Running object detection models with Intel DevCloud for the Edge
As demand for compute at the edge continues to increase, developers face a variety of challenges in implementing AI and computer vision solutions. This article explains how Intel DevCloud for the Edge, a remote development environment, can be used to address these challenges and explains how you can run your own object detection model remotely.
Intel DevCloud for the Edge enables users to develop, prototype, benchmark, and test AI inference applications on a broad range of Intel hardware, including CPUs, iGPUs, FPGAs, and VPUs. DevCloud for the Edge uses a Jupyter Notebook interface and comes pre-installed with the latest versions of the Intel Distribution of OpenVINO Toolkit, which is necessary for optimization and heterogenous distribution. All supporting devices are configured for optimal performance and ready for inference execution.
Challenges addressed by DevCloud for the Edge include:
- Hardware choice paralysis: Developers can run AI applications remotely on a wide range of hardware to determine which is best for their solution based on factors such as inference execution time, power consumption, and cost.
- Access to edge hardware: Immediate remote access to the latest Intel hardware.
- Outdated software: Instant access to the latest version of Intel Distribution of OpenVINO toolkit and compatible Edge hardware.
- Access to performance benchmarks: Application-specific performance benchmarks, in an “easy to compare” side by side format.

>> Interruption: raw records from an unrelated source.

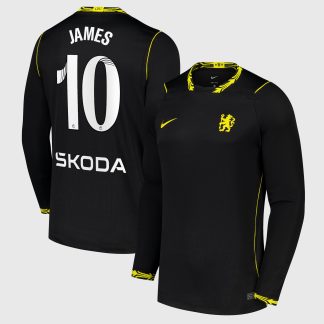 Chelsea WSL Nike Away Stadium Long Sleeve Shirt 2026-27 with James 10 printing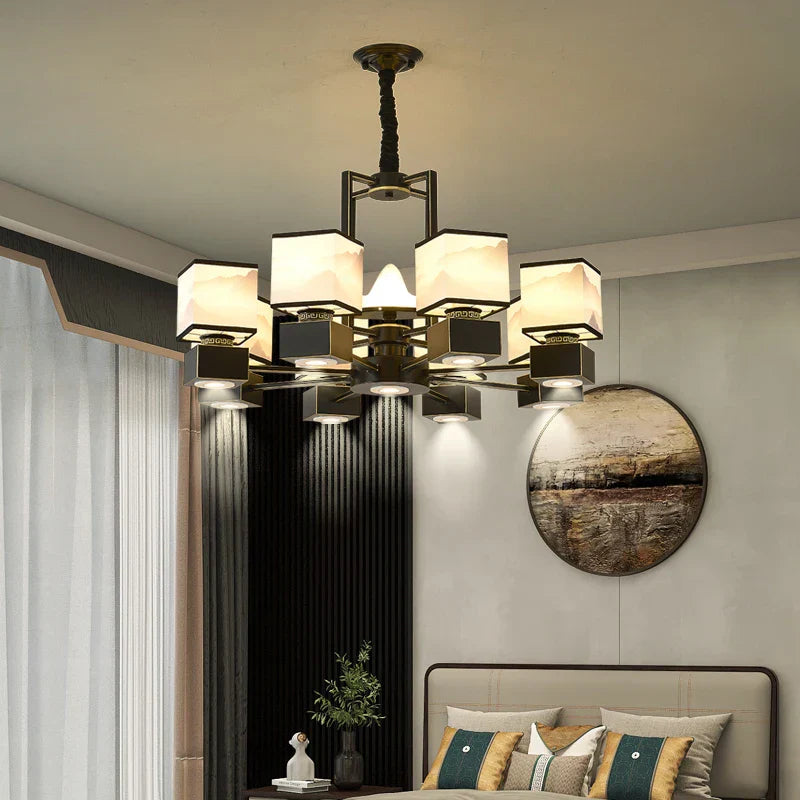 Chinese Zen Marble Chandelier for Living Room, Restaurant, and Bedroom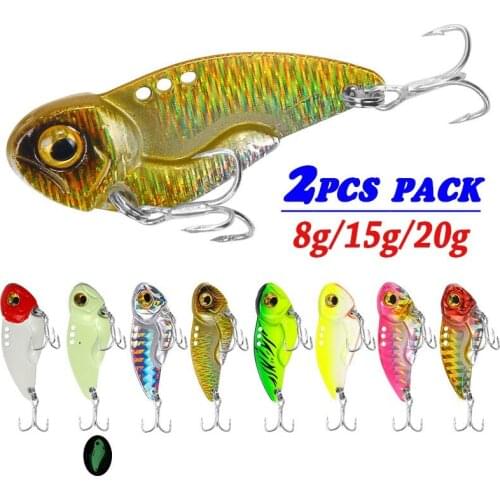 2PCS VIB Fishing Lures Bass Wobbler Artificial Hard Bait Long Shot Sinking Fishing Lures Fishing Tackle 8g/15g/20g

- Unsure where to start: tutorials and samples to help developers get started
Visit Intel DevCloud for the Edge to learn more or register for free access.
1. Introduction
This tutorial allows the user to dive into what it takes to perform an Object Detection task by using a pre-trained CNN MobileNet-SSD, Intel Distribution of OpenVINO toolkit for inference, and the ability to run inference on Intel’s CPUs, iGPUs, VPUs, and accelerator devices. All software and hardware dependencies are setup so all you have to do is login, load the Jupyter notebook, and follow along. The tutorial not only shows you how to use Intel Distribution of OpenVINO toolkit APIs, but also gives you the flexibility to use your own images or video and pre-trained AI model if the ones used in the tutorial don’t satisfy your use case.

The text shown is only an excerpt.